Sierra Leonean police officer (1921–1980)

Leslie William Leigh (23 February 1921 – 13 April 1980) was a Sierra Leonean police officer who served as the first African Commissioner of Police in Sierra Leone. Leigh was one of the few West Africans to enlist and serve in the Second World War as a bomber pilot in the British Royal Air Force.

==Background==
Leslie William Leigh was born to Lt. Col. Thomas William Dupigny-Leigh, (1888-1968), and a mother from the Susu ethnic group. Thomas William "Dupi" Leigh was a paternal descendant of William Henry Leigh, an English slave trader and a maternal descendant of the Dupigny family of Freetown, Sierra Leone, originally of African and French-Dominican descent in Roseau, Dominica. Leigh was a first cousin of John Ernest Leigh, the former Sierra Leonean ambassador to the United States and the late Dr Evelyn Arthur Moffatt Leigh.

==Royal Air Force==
Leigh attended St Anthony's Primary School and subsequent to completing his secondary school education at the Albert Academy, Leigh travelled to Britain and enlisted in the Royal Air Force. In August 1942, he was based at Scarborough with No. 17 Initial Training Wing.
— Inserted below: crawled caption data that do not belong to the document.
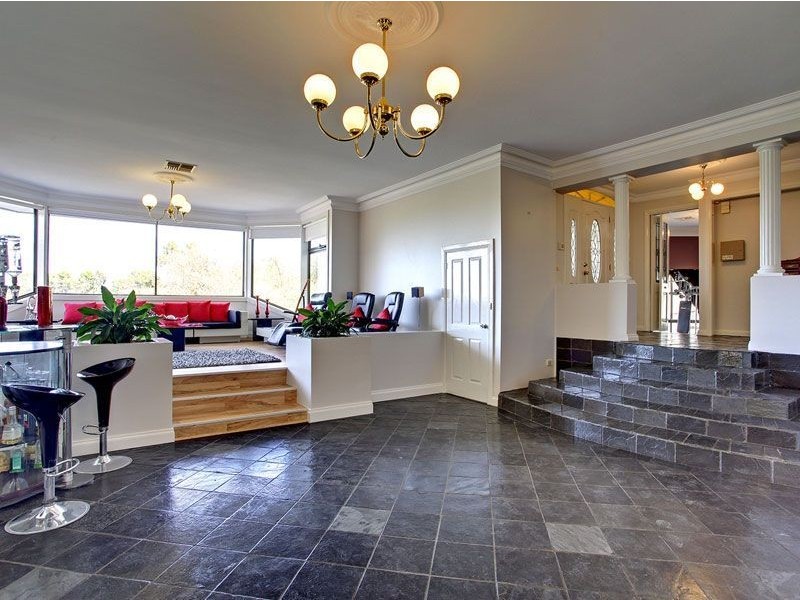 32 Monticle Street, Highbury SA 5089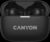 Product image of CANYON CNS-TWS10B 3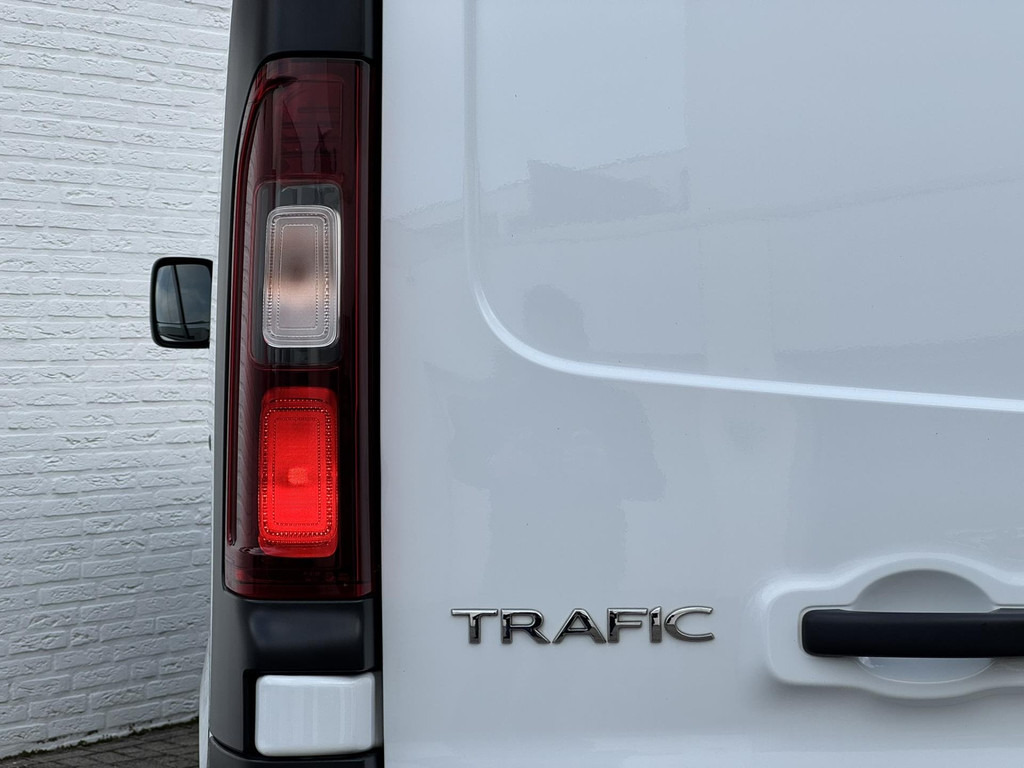 Фургон-рефрижератор Renault Trafic-2.0 dCi 120 T29 L2H1 Thermo King Elektrisch incl standkoeling Koelen en vriezen Airco Bluetooth Usb media: фото 6 Фургон-рефрижератор Renault Trafic-2.0 dCi 120 T29 L2H1 Thermo King Elektrisch incl standkoeling Koelen en vriezen Airco Bluetooth Usb media: фото 6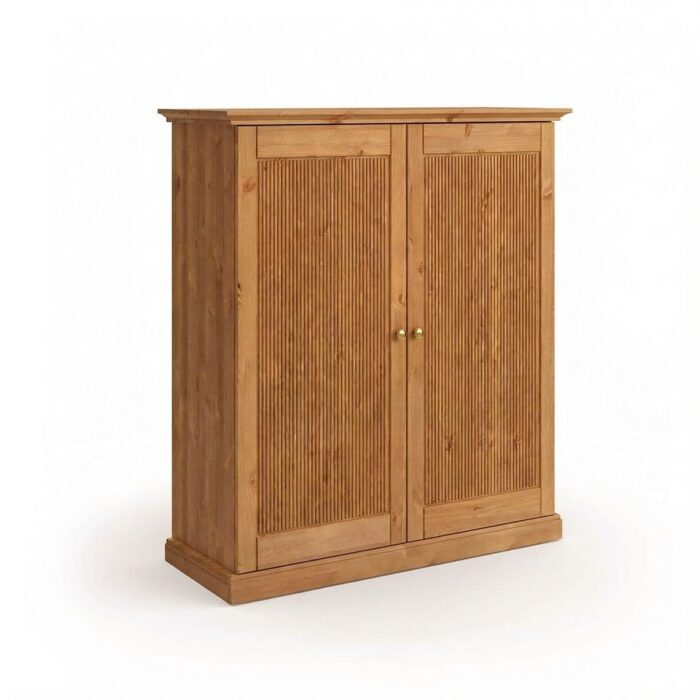 komoda-bielizniarka-drewniana-2-drzwiowa-rosella-lite-drewno-sosnowe-kolor-debowy-prowansalska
He trained in Canada and served as a bomber pilot during the war.

==Political career==
William Leigh was appointed the first African Commissioner of Police following the independence of Sierra Leone on 27 April 1961.

==Death==
William Leigh died of a heart attack in Monrovia, Liberia.

==Sources==
- Makers of Modern Africa: Profiles in History
- Ivor Cummings, "Per ardua and Astra", West Africa, Issue 3284, (30 June 1980), pp. 1177–1178.